Developer Platforms - another growth hacking trick

Companies like Stripe and Twilio have built their entire businesses around providing a better platform for developers to build B2B apps and integration off of. By providing their service as an API for developers to use, they allow for many different new products and use cases to pop up that wouldn't otherwise be built, which in-turn they receive increased revenue from when they succeed. A true win-win model for growth. 

If you look at Facebook' s acquisition of Oculus, in Mark Zuckerberg's blog , he clearly points how the $2bn acquisition benefits Facebook's developer community; including building next generation games as well as Facebook being the center of all new & upcoming gaming apps & startups; albeit, they are aware of Whatsapp  in its infancy.

Having a vibrant developer ecosystem is an essential condition to success in the new Cloud era. There are couple of reasons why companies would want to have one 
 1) Introduce new products and use cases like the Facebook and Stripe examples.

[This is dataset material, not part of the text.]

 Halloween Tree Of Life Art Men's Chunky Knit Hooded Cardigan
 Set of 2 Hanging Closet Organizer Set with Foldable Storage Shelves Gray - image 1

Once a developer creates an app they plug into these systems - Facebook(user ads) or Stripe(payment rails) and eventually these platforms benefit from increased users or increased payments through their systems
2) Interoperability with other apps - Customers are looking to use best in class apps and they want these best in class apps to seamlessly talk to each other. If your product does not connect with other  apps, you run the risk that the customer is unhappy and not sticky and will likely switch once somebody else makes products which do. Clearly, any company does not have enough internal resources to do these integrations themselves; so if one wants to focus on their products and let the developers create these integrations it's a win-win for everyone. More ever, now that your product is visible in other apps (through integrations), the other apps become a source of new user additions. here your cost of customer acquisition is almost zero (no marketing, no development), no CFO would shy away from such growth. 

So the next obvious question is how can a company go about building a vibrant developer ecosystem - the simple answer is be in the developer's shoes and think what is important for them - develop apps easily and cost effectively (lower cost) and help market apps (higher revenue). Some companies that have done an excellent job in both of these areas are Salesforce & Box.  

1) Lower cost - Being an app developer requires one to have business logic, programming language knowledge, hosting, back end, billing, customer support skills. A lot to ask from a couple people small app developer company, at times a single app developer. Successful platforms that have been successful in this area are ones that have enabled their programmers to be the business idea guy, while they take care of the rest. 

2) Higher Revenue - Access to users as well as the ability to get to these users is paramount. This means, conducting educational seminars to create awareness about the app, promoting developers amongst the user base to help in discovery of the app, social marketing kit etc are all essential elements of this strategy. 

Developer platforms are examples of two sided networks, once you get the fly wheel going one could see exponential benefits, most prominently in customer stickiness & growth channels. But as folks know, developer platforms are tricky as well - how should your pricing strategy be, who do you charge and at what point, the classic egg and chicken situation but worth the effort.